I'm actually developing a system where you input some text files to a StandardAnalyzer, and the contents of that file are then replaced by the output of the StandardAnalyzer (which tokenizes and removes all the stop words). The code ive developed till now is :
File f = new File(path);
TokenStream stream = analyzer.tokenStream("contents",
new StringReader(readFileToString(f)));
CharTermAttribute charTermAttribute = stream.getAttribute(CharTermAttribute.class);
while (stream.incrementToken()) {
String term = charTermAttribute.toString();
System.out.print(term);
}
//Following is the readFileToString(File f) function
StringBuilder textBuilder = new StringBuilder();
String ls = System.getProperty("line.separator");
Scanner scanner = new Scanner(new FileInputStream(f));
while (scanner.hasNextLine()){
textBuilder.append(scanner.nextLine() + ls);
}
scanner.close();
return textBuilder.toString();
The readFileToString(f) is a simple function which converts the file contents to a string representation. The output i'm getting are the words each with the spaces or the new line between them removed. Is there a way to preserve the original spaces or the new line characters after the analyzer output, so that i can replace the original file contents with the filtered contents of the StandardAnalyzer and present it in a readable form?

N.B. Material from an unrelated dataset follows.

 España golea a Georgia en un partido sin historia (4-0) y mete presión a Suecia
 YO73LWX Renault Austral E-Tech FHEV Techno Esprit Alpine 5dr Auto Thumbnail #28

Tokenizers save the term position, so in theory you could look at the position to determine how many characters there are between each token, but they don't save the data which was between the tokens. So you could get back spaces, but not newlines.
If you're comfortable with JFlex you could modify the tokenizer to treat newlines as a token. That's probably harder than any gain you'd get from it though.